--- MATERIAL PROVIDED ---
[Start of section]

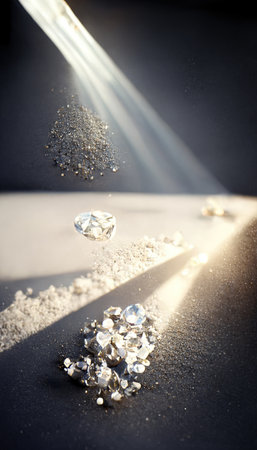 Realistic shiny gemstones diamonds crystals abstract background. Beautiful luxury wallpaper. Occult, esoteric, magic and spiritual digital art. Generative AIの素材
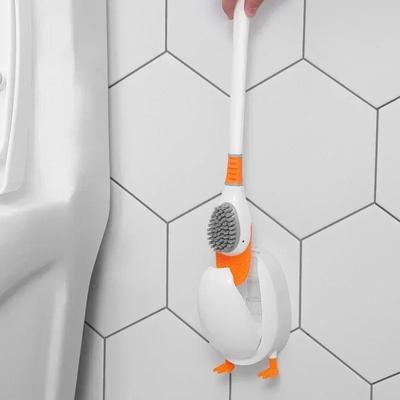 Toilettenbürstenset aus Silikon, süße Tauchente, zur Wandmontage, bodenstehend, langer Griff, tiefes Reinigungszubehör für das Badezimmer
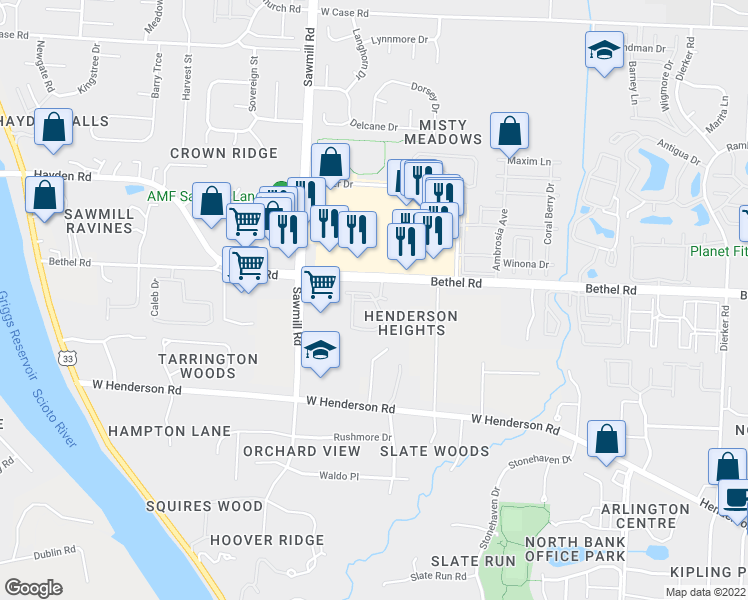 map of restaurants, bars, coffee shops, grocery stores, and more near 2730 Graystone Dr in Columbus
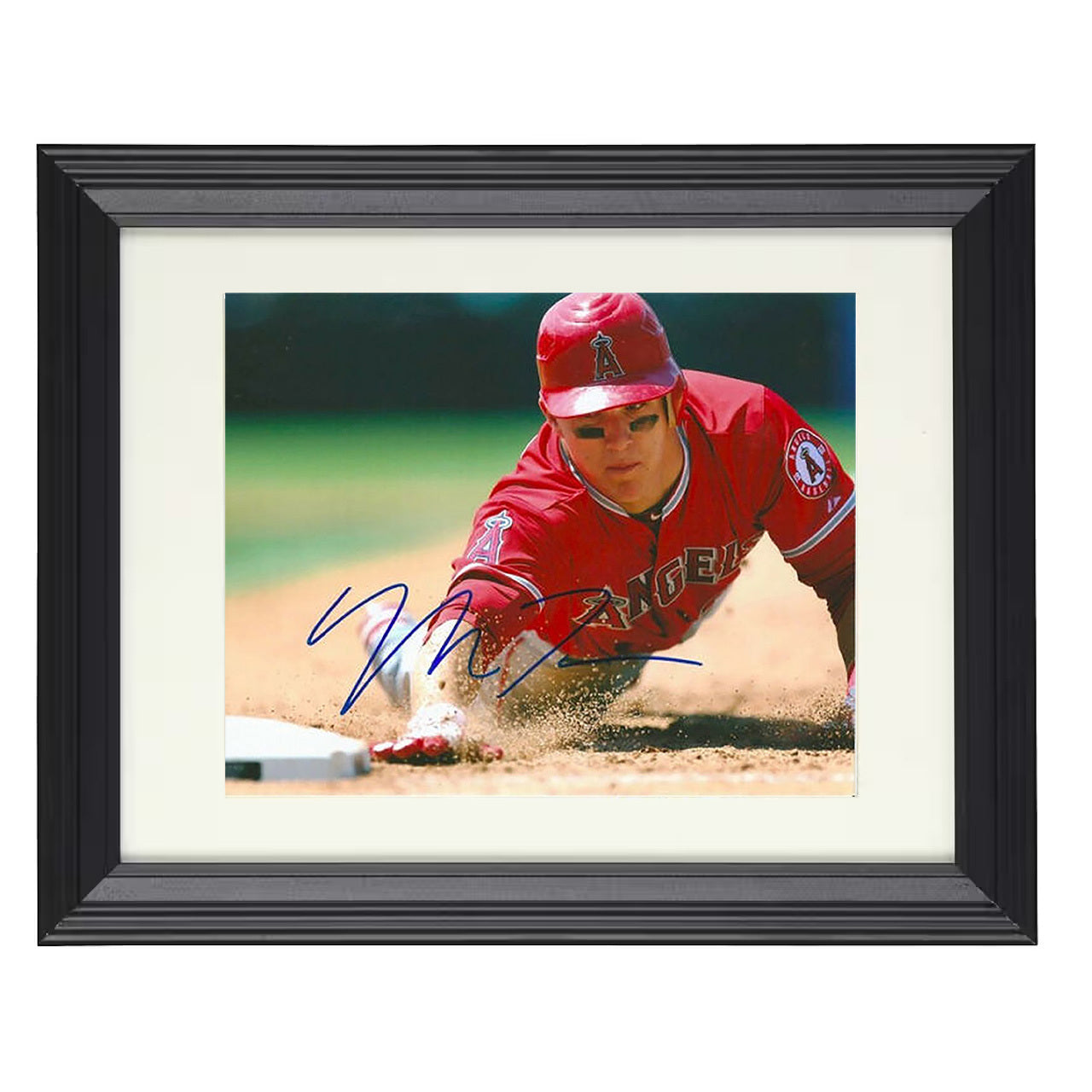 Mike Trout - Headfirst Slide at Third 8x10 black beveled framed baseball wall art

[End of section]

--- PROBLEM TO SOLVE ---
The data needs to be reproduced exactly, please, apart from its pictures.

--- EXERCISE RESPONSE ---
 Realistic shiny gemstones diamonds crystals abstract background. Beautiful luxury wallpaper. Occult, esoteric, magic and spiritual digital art. Generative AIの素材
 Toilettenbürstenset aus Silikon, süße Tauchente, zur Wandmontage, bodenstehend, langer Griff, tiefes Reinigungszubehör für das Badezimmer
 map of restaurants, bars, coffee shops, grocery stores, and more near 2730 Graystone Dr in Columbus
 Mike Trout - Headfirst Slide at Third 8x10 black beveled framed baseball wall art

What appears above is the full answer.